Schematic Illustration Shows the Development of FXR1 siRNA Therapy for Cancer Treatment

What began as a technical concern ultimately became one of the most informative aspects of our study. Single-cell transcriptomic profiling revealed the complex and multi-compartmental impact of FXR1 silencing in ovarian cancer. Most striking was the magnitude and coherence of the immune remodeling induced by FXR1 silencing, far beyond what we expected from a molecule we thought of primarily as a tumor cell target. To our knowledge, our study represents one of the first single-cell analyses of siRNA-based therapeutics in an immunocompetent setting. More broadly, our findings highlight the importance of evaluating RNAi interventions at single-cell resolution, an approach that illuminates cell type-specific responses, helping to address questions of specificity and off-target effects and ultimately advancing clinical translation of RNAi-based therapies.

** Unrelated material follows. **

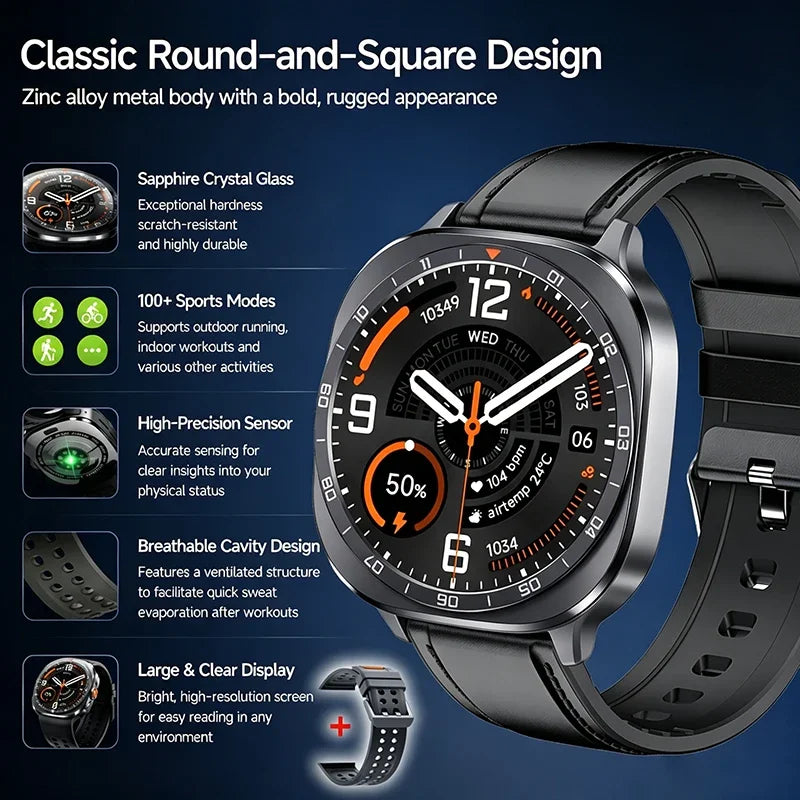 2026 W9 400mAh Men Smart Watch Multi Sport Modes Fitness Tracking Bluetooth Calling Large Battery SOS Outdoor Compass Smartwatch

Looking ahead, we anticipate that continued optimization will further enhance both the specificity and therapeutic efficacy of FXR1-targeted RNAi strategies. In particular, improving tumor cell-specific delivery remains a critical priority, which can be achieved by an additional approach by conjugating FXR1 siRNA with tumor-targeting antibodies. To this end, we are developing antibody-RNA conjugates (ARCs) to enable precise and selective delivery of siRNA to tumor cells. This approach is designed to maximize anti-tumor activity while minimizing toxicity in normal tissues. Collectively, these advances reinforce the translational potential of targeting and inhibiting FXR1 levels or function as a compelling strategy for cancer therapy.